**WHAT YOU HAVE TO DO:** Pictures must not appear in the copy. Restate exactly the lines below from the one with "White Diamond Tricoat" through the one with "YIKAZE Y01 Military", inclusive.

**DATA TO USE:**
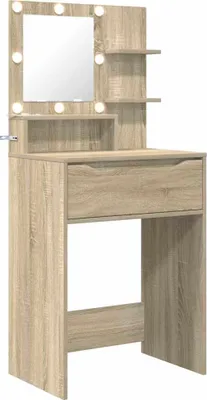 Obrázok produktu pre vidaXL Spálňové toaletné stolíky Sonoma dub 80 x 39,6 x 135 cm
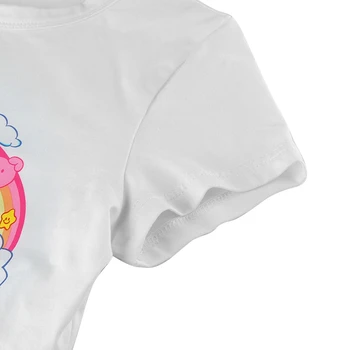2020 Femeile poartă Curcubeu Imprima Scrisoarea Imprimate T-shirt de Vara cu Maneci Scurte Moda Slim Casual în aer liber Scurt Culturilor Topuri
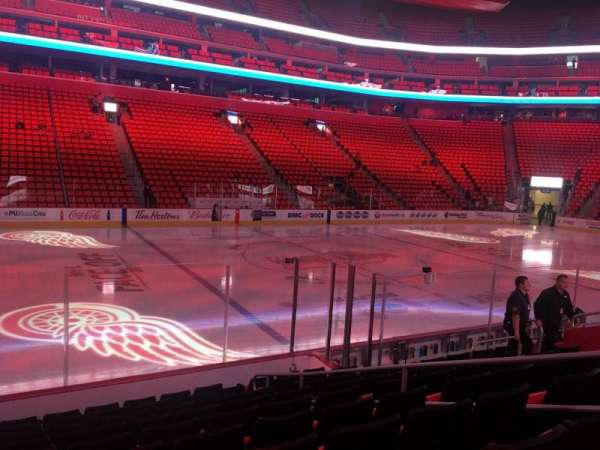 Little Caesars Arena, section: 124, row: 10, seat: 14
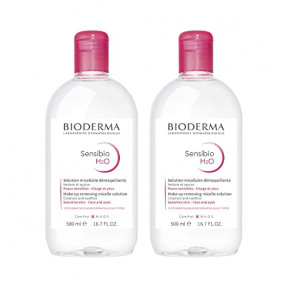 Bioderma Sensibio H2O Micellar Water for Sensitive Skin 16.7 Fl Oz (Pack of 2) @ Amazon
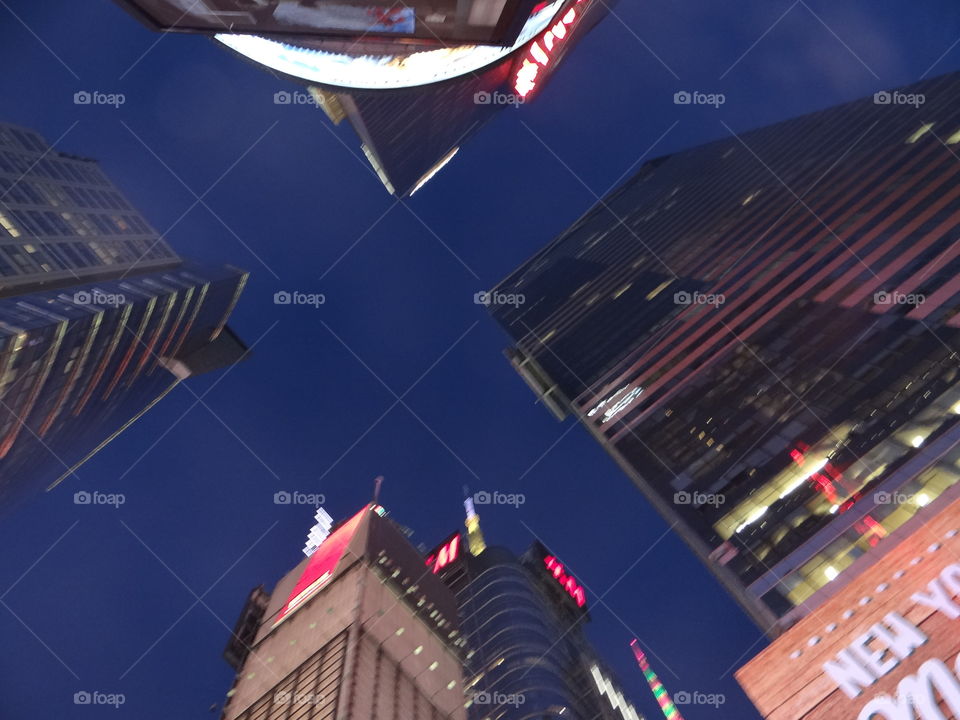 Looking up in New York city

* * *

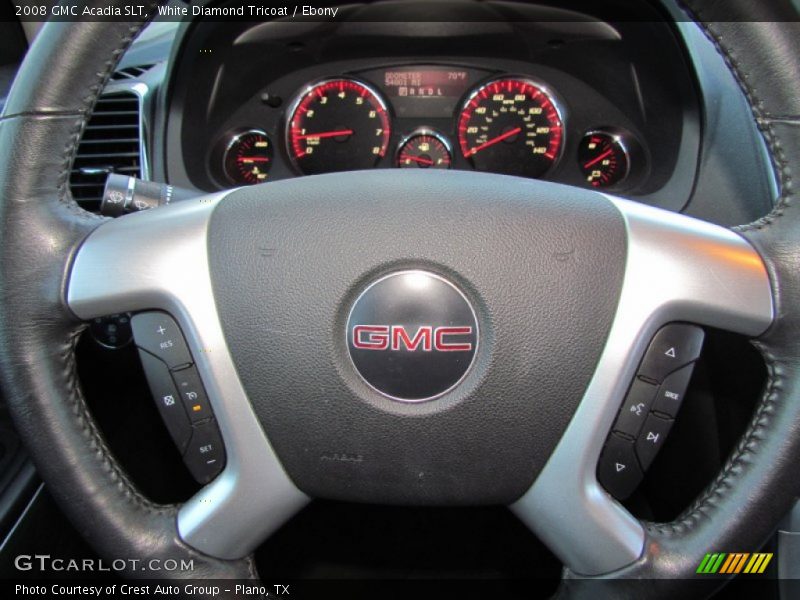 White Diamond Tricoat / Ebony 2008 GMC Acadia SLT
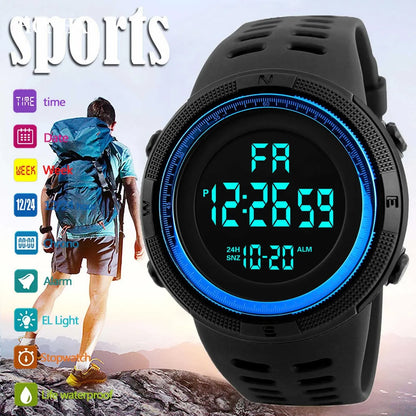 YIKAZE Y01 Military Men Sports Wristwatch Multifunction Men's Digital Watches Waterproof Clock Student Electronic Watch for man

==

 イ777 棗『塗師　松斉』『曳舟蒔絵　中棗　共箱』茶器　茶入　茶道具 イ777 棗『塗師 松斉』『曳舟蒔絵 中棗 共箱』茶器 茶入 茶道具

**RESULT FOR THIS TASK:**
 White Diamond Tricoat / Ebony 2008 GMC Acadia SLT
 YIKAZE Y01 Military Men Sports Wristwatch Multifunction Men's Digital Watches Waterproof Clock Student Electronic Watch for man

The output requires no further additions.